3–4 core policies that people actually follow:
- How to handle lost/stolen devices.
- How to handle records requests.
- How to handle sending results to patients.
- How to handle suspected breaches.
Don’t over‑engineer it. Give staff a clear answer to: “What do I do if X happens?” That’s 90% of compliance in practice.
Step 9: Decide Your Role (You Are Not the IT Department)
This matters: you are a physician, not a sysadmin. You can help steer, but do not become the unpaid, unofficial IT person for the rest of your career.
Structure it like this:
Short‑term (first 3–6 months):
- Identify obvious risks (no backups, shared passwords, ancient router).
- Push for 2–3 concrete fixes.
- Help pick and vet a local IT firm if none exists.
Medium‑term:
- Get leadership to sign a minimal annual IT budget.
- Hand day‑to‑day tech issues to someone else:
- Either a practice manager, or
- A contracted IT provider.
Long‑term:
- Advocate, don’t own.
“We should upgrade X” is different from “I’ll go buy and install X.”
- Advocate, don’t own.
If they explicitly want you to be the tech lead, fine—but negotiate time and compensation. That’s not “extra” for a full schedule; that’s an operational role.
A Simple “First 90 Days” Plan
If your brain is spinning, here’s a concrete sequence.
| Step | Description |
|---|---|
| Step 1 | Week 1-2 - Assess |
| Step 2 | Week 2-3 - Stabilize Internet and WiFi |
| Step 3 | Week 3-5 - Secure Devices and Logins |
| Step 4 | Week 4-8 - Backups and EMR Safety |
| Step 5 | Week 6-10 - Phones, Fax, Messaging |
| Step 6 | Week 8-12 - Policies and IT Support |
Breakdown:
Weeks 1–2:
- Map assets (internet, EMR, devices, who does what).
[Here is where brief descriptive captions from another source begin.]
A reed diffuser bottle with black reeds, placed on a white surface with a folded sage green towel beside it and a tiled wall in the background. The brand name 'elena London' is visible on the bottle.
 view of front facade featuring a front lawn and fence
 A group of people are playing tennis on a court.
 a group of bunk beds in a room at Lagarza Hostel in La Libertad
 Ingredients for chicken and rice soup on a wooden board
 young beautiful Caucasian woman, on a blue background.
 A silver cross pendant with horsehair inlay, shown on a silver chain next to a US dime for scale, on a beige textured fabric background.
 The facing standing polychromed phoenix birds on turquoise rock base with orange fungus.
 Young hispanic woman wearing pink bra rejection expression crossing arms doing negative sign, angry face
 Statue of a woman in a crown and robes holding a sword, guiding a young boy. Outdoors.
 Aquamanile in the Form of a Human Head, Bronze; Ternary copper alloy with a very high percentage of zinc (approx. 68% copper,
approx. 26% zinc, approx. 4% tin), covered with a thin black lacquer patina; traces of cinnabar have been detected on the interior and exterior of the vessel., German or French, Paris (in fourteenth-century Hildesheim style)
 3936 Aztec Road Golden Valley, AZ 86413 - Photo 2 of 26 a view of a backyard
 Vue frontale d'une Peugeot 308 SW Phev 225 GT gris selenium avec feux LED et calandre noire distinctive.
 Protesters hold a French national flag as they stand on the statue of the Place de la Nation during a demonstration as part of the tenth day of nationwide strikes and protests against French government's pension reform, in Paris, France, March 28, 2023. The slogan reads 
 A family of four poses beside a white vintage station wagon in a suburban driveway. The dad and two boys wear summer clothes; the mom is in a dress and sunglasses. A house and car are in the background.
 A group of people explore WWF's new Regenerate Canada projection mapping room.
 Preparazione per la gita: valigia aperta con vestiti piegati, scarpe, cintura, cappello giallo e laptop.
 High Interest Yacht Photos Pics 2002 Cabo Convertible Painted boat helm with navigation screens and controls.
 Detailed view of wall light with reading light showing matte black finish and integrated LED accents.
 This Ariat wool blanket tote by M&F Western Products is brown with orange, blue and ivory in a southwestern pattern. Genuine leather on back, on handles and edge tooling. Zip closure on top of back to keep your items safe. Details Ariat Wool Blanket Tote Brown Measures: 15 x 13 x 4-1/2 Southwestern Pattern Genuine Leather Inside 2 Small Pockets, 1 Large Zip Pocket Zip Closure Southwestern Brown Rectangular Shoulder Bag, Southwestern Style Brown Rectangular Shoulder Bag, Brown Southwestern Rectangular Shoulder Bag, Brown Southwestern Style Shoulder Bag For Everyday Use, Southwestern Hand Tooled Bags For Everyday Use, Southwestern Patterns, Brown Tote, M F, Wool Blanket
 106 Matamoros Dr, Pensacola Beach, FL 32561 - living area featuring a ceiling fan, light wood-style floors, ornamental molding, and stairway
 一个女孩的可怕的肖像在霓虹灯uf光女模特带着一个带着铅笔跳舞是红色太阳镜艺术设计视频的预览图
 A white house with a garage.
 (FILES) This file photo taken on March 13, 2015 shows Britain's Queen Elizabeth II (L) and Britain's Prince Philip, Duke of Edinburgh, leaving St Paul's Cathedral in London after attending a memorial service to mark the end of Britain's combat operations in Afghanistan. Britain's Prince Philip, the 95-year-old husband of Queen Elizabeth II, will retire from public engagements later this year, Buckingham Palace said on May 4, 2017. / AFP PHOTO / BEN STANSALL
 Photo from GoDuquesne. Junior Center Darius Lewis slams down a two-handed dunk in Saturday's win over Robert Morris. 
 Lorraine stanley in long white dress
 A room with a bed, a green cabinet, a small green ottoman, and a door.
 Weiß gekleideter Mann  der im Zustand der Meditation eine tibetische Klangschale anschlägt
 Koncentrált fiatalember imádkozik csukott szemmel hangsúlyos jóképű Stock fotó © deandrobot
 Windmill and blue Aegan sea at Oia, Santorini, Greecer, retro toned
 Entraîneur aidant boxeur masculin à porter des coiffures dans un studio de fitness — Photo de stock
- Identify any “oh no” issues (no backups, single point of failure).
Weeks 2–3:
- Stabilize internet and router.
- Set up separate guest Wi‑Fi.
Weeks 3–5:
- Enforce individual logins for EMR and devices.
- Turn on encryption and auto‑lock.
Weeks 4–8:
- Implement local + cloud backups.
- Have someone test restoring key files.
Weeks 6–10:
- Clean up phone tree.
- Move faxing closer to e‑fax if possible.
Weeks 8–12:
- Do a basic risk assessment.
- Decide on an ongoing IT support arrangement.
| Category | Value |
|---|---|
| Backups and EMR Safety | 5 |
| Internet and Network Stability | 4 |
| Device Security and Logins | 4 |
| Phones/Fax/Messaging | 3 |
| Formal Policies and Training | 2 |

Final Takeaways
If you’re walking into a private practice with no IT support, here’s what actually matters:
- Stabilize and secure the basics: reliable internet, a sane router/Wi‑Fi setup, individual logins, and encryption on any device that touches PHI.
- Make backups non‑negotiable: EMR (if local), plus critical business files, backed up automatically and tested at least a couple of times a year.
- Do not become the permanent IT hero: help the practice get from “risky and fragile” to “good enough and defensible,” then push leadership to fund ongoing support so you can go back to being a physician, not the network admin.